Этот фокстрот в те дни, летом 1934 года, был так же знаменит, как за десять лет до того «Кирпичики», но не удержался надолго. И именно поэтому, едва вспомню я, услышу «У самовара», как напряженное, невеселое, парадное чувство недолгих дней съезда воскресает во мне. Однажды за нашим столом оказался человек, лицо которого я и узнал, и нет. С него слиняла былая значительность, он оказался меньше ростом. Он был ужасно вежлив. «Кто это?» — «Борис Пильняк». В зале съезда я его не припоминаю. Другой раз увидел я даму.
Похожая на учительницу воскресной школы, нескрываемо радуясь благому делу, которое совершает, излишне громко и умиленно разъясняла она что-то сердитому делегату с периферии, откуда приезжает обычно подозрительно и воспаленно самолюбивый народ. Делегат мрачно косился на сырую, не по весу подпрыгивающую покровительницу, но та в простоте своей ничего не замечала. Мне сообщили, что это Анна Караваева. То в коридорах, то у колонн обнаруживался вдруг Сергеев — Ценский, суровый, всегда в одиночестве, скрестив руки на груди, осуждающе озирал он присутствующих. Но в позе его ощущалось нечто не отъединяющее, а напротив, объединяющее его со всей массой. Ему что-то нужно было от презираемых всех. Окружи они его почетом, он милостиво оправдал бы совершающееся. Очень обижен был Демьян Бедный, что не свойственно было его грубо и крепко сколоченной фигуре. Такому не обижаться, а обижать. А он с трибуны прочел вполне бесчувственному съезду стихи Алексея Толстого о бедном, обиженном Илье Муромце: «Вот без старого Ильи-то как ты проживешь». Обиженным выглядел и Пантелеймон Романов, желтый, больной, с перекошенным лицом. Он тоже говорил о нанесенных ему обидах, и вот ему это шло. Его читательский успех кончился с нэпом, а писатели относились к нему юмористически. Во всем огромном зале он один принимал себя всерьез — и, видимо, не впервые в жизни. В рядах, отведенных для иностранцев, я все разглядывал неподвижное, непонятное мне лицо Эльзы Триоле.

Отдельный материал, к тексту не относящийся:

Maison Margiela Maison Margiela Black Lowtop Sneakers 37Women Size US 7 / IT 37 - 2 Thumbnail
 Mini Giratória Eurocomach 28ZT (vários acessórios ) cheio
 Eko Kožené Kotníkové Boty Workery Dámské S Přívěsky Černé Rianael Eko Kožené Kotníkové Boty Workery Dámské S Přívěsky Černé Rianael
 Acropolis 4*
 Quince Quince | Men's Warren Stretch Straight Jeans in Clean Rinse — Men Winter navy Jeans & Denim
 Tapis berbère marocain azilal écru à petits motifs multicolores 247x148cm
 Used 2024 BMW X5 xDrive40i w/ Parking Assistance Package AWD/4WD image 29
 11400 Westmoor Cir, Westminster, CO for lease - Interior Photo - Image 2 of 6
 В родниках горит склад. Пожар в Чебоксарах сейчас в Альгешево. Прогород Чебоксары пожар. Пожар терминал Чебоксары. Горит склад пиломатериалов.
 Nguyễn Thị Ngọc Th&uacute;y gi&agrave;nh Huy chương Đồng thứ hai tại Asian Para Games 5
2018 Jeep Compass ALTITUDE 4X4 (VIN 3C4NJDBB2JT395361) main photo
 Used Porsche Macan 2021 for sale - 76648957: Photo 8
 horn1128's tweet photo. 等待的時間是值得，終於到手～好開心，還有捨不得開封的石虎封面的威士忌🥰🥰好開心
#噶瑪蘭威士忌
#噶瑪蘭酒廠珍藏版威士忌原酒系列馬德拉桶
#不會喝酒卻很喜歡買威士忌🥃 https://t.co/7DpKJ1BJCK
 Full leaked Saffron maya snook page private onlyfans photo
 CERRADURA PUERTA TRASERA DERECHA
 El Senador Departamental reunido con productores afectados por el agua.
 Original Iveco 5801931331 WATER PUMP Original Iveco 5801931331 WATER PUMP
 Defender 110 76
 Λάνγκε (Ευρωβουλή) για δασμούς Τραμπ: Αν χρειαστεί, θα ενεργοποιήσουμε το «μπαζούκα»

Маленькая, очень сдержанная, со стеклянным блеском как бы ничего не видящих глаз, условно красивая, еще красивая Эльза Триоле занимала меня как существо из другого мира. Я перечитал тогда «Письма не о любви» Шкловского. Как я был робок и связан по сравнению с тем миром, его страстями. И как он был ощутим и человечен рядом с табельными днями, чиновничьим парадом, во время которого я ее увидал. Сегодня мне странно представить себе, что Маршак жил тогда в гостинице, и Чуковский, и Тихонов, и Федин, и Алексей Толстой — все были они в те дни ленинградцами. Когда забежал я как-то к Маршаку в «Гранд — отель», пришел навестить его армянский поэт, молодой, поджарый, сосредоточенный. Он принес Маршаку в подарок бутылку коньяка и объяснил, что это редкая высокая марка. Сплошь уходит на экспорт. Называется «Без петушиного крику», потому что разливают его по бочкам ночью, до рассвета. И бутылка стояла на столе, а хозяин не догадывался или не хотел позвонить и потребовать рюмки и штопор. С тем мы и ушли. Каждый день отчеты о съезде печатались в газетах. Приехали наши карикатуристы. Особенно славились шаржи Антоновского. И я с восторженным удивлением узнал, что москвичи некоторые пожаловались в президиум съезда, что Антоновский все изображает своих, а их, москвичей, обходит. Эта жалоба даже утешила меня своей откровенностью. Все учитывалось на съезде: кто, в какой гостинице, кого куда позвали, кому дали слово, а кому нет, и даже карикатуры учитывались. Незримые чины, ордена и награды были столь же реальны, как табель о рангах.